Wine, Meat, Milk, Cake is an RPG by fiercefully / Chloe Sobel in which you play a wolf and several innocents.
The game explores the messages around Little Red Riding Hood, which might mean warning young women to be cautious of seducers, as penned by Charles Perrault, or about carnivores stalking foolish people. Or something else.
Storybrewer Roleplaying’ The Fictional Memoirs of Harriette Wilson & Her Sisters provides the basis of the game, and in that original, you play one of four sisters and several of their lovers.
I paid $2 for a Name Your Own Price version of Wine, Meat, Milk, Cake which is mechanically finished but unformatted. That download was 7-pages, as you never know what you’re going to get at Itch, and easily worth the $2.
The RPG begins with the reminder and instructions to get an RPG safety system in place before you start. The game could easily become terribly dark. Equally, debriefing is an assumed requirement at the end. Sometimes, though, I find it much healthier to contemplate what just happened, distil without the expectation of sharing at the end of a game. Obviously, agree to the format and expectations with other players before beginning.
Wine, Meat, Milk, Cake
Wine, Meat, Milk, Cake are the wolves, and you will play one. Each is different, and they form a pack together.
One of the significant aspects of this game is how each wolf wants to be unique, care about its territory, and how that works, sometimes doesn’t work, with the desire to be part of a pack and assist it.

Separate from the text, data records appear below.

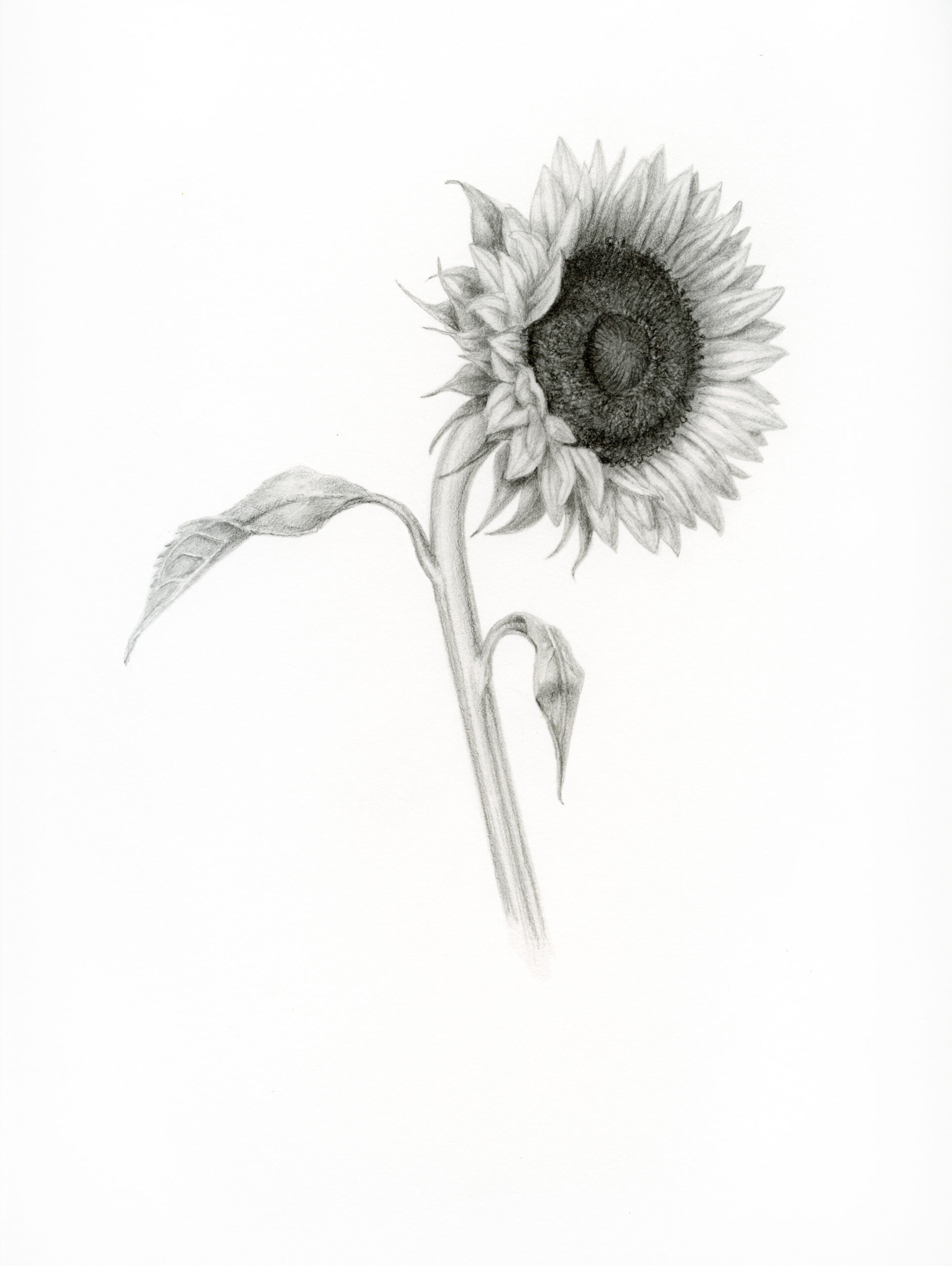 sunflower by Katy Lyness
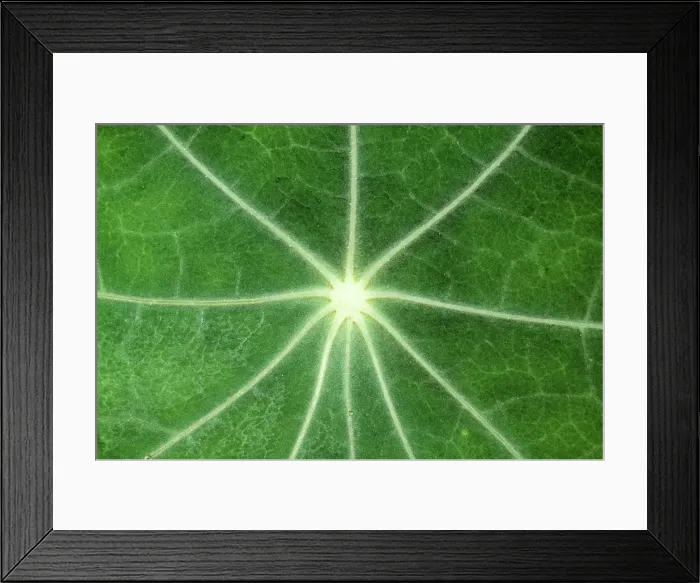 Framed Print : LEAF - Nasturtium - close up, UK Framed Print : LEAF - Nasturtium - close up, UK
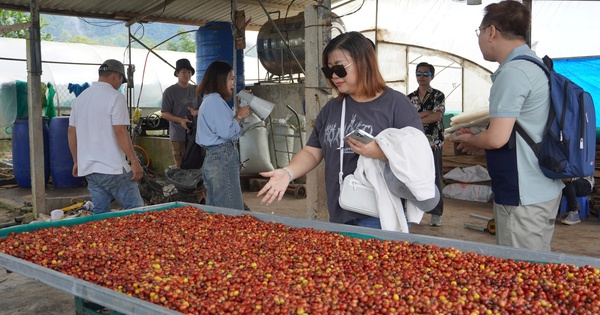 Quảng Trị nghiên cứu phát triển sản phẩm du lịch gắn kết trải nghiệm cà phê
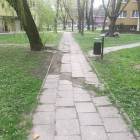zdjęcie nr 19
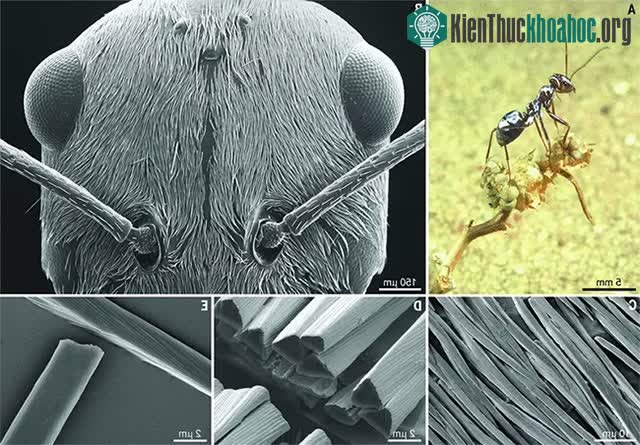 Kiến có cấu trúc với xương chitin bọc ngoài cơ thể.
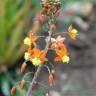 Fotografia 1 da espécie Bulbine frutescens do Jardim Botânico UTAD
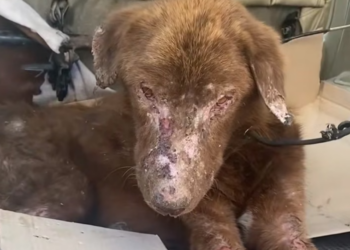 H0704014_After everything he went through, he just wanted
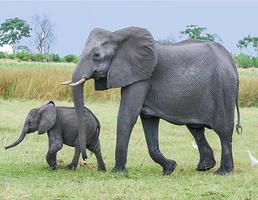 Elephant Pictures الملصق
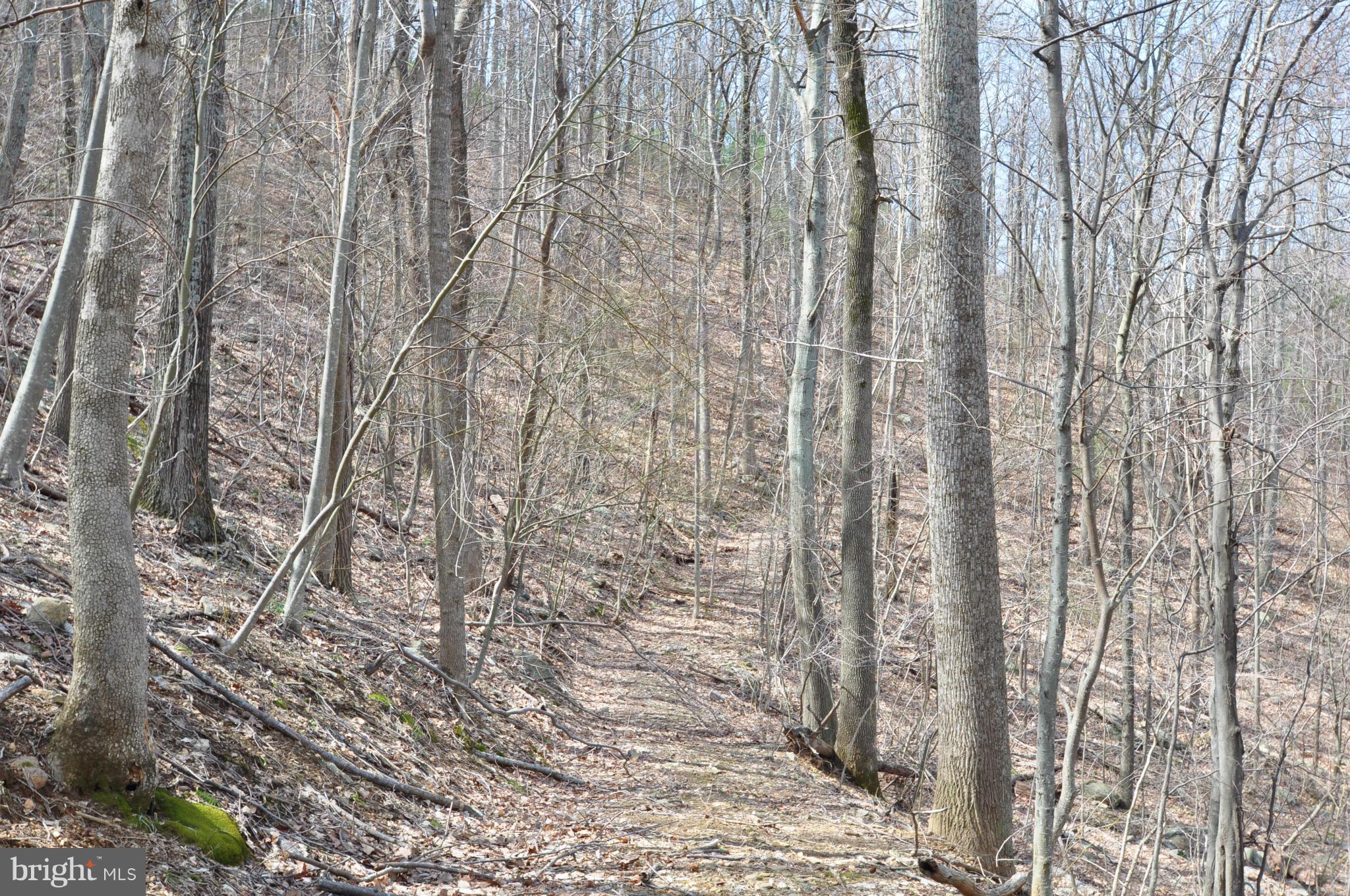Pine Hill Road Sperryville, VA 22740 - Photo 9 of 11 A Path Through the Woods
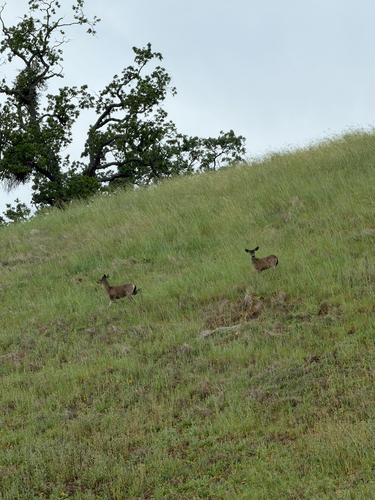 iNaturalist observation photo of Mule Deer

This tension with what each wolf might want sculpts some of the mutually created story.
Each wolf is different, but these differences aren’t outlined by the RPG you’ll download. Instead, you’ll get a link to an online resource.
The negatives to this approach mean that you don’t have an all-in-one for playing the game. I like to use the desktop Kindle app to read my RPG PDFs, and for some reason, Amazon blocks but shows hyperlinks. I had to open up the PDF in a second app, click on the link, open a new browser and get to the four wolves. What a faff.
On the other hand, the positives are just as plentiful. Sobel has built an interactive Google Sheet (make a copy) on which you can tick your turns as you play, record the name of the innocents and track the game easily.
I can’t think of a better alternative, but perhaps including a static version of the wolves would be a helpful addition to the download you buy.
The innocents
Innocents are picked randomly in the game and are a lens through which the story comes together. They’ll have to decide, in the end, whether to accept forbidden knowledge and leave the accepted path, the safe path, or not.
While the innocents are a necessary part of the developing story, my favourite use is at the start of the game. Each innocent is created by players writing down something, starting with name and pronoun, and then passing the sheet to their left for the next player to write something different, such as occupation.
For want of a better phrase, this approach puts “skin in the game” for all the innocents and the players. It’s another reason to care about their fate and have an idea about what might motivate them.
Gameplay
The turn structure is three-fold; the active wolf approaches an innocent with an offer, an answer to a question that will tempt the innocent, then there’s a flashback to a previous moment between the wolf and the innocent and then back to the present where players decide whether this innocent accept the forbidden knowledge or not.
There’s a biblical tone here, isn’t there?
There’s a grand scene at the end of the game to wrap everything up and then the debrief.
Overall
I enjoyed the stories we created playing Wine, Meat, Milk, Cake. I’ve played it a few times over the course of a Friday night of online drinking and chatting, and then again with a different group on Saturday. A scant few hours apart, but two very different sessions!
Both times I appreciated the suggested modifications for online or face-to-face play in the download.
Neither time I was %100 confident we’d been playing the game entirely as the designer intended. It didn’t matter for the game but does leave a niggling uncertainty. I know it’ll add significantly to the word count, but I’d appreciate an example/walkthrough of gameplay (or a link to a YouTube actual play) in a future evolution of the storytelling game.
If you’re a storygamer and ready to step out of your comfort zone then I recommend Wine, Meat, Milk, Cake.